>>>>

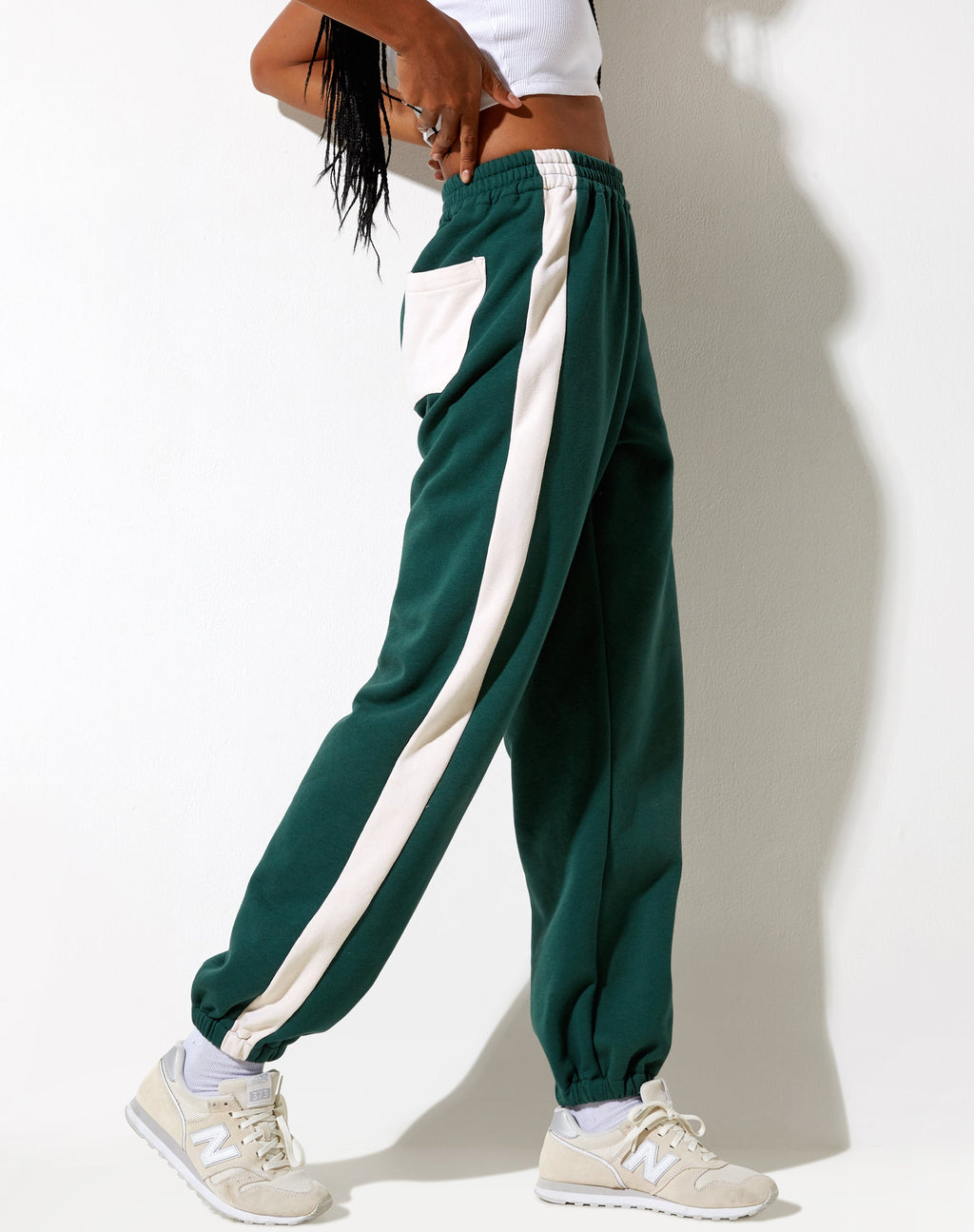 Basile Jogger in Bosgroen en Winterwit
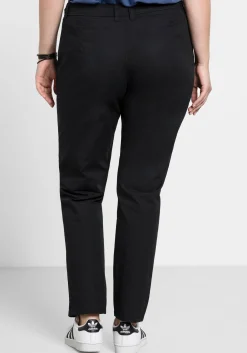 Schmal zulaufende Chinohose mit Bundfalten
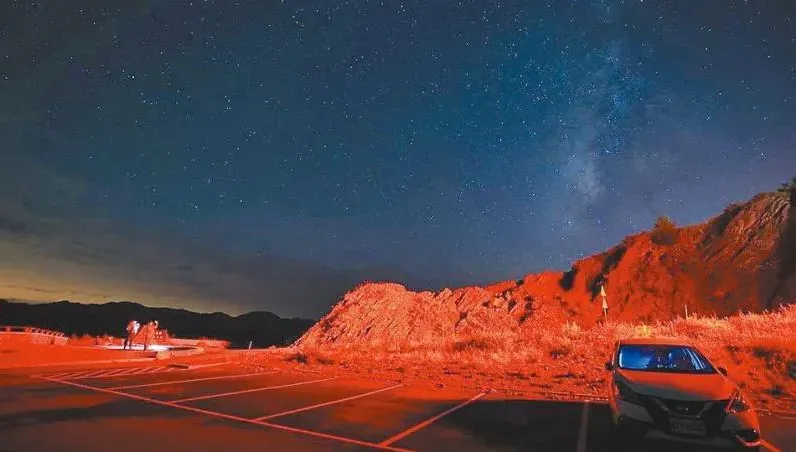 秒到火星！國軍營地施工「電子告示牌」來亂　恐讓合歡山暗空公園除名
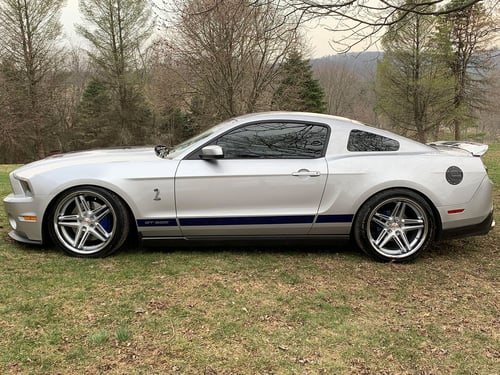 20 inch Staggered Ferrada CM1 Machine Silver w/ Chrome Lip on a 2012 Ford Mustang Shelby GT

<<<<

Set the listing down again exactly, skipping each picture.

Output below:
 Basile Jogger in Bosgroen en Winterwit
 Schmal zulaufende Chinohose mit Bundfalten
 秒到火星！國軍營地施工「電子告示牌」來亂　恐讓合歡山暗空公園除名
 20 inch Staggered Ferrada CM1 Machine Silver w/ Chrome Lip on a 2012 Ford Mustang Shelby GT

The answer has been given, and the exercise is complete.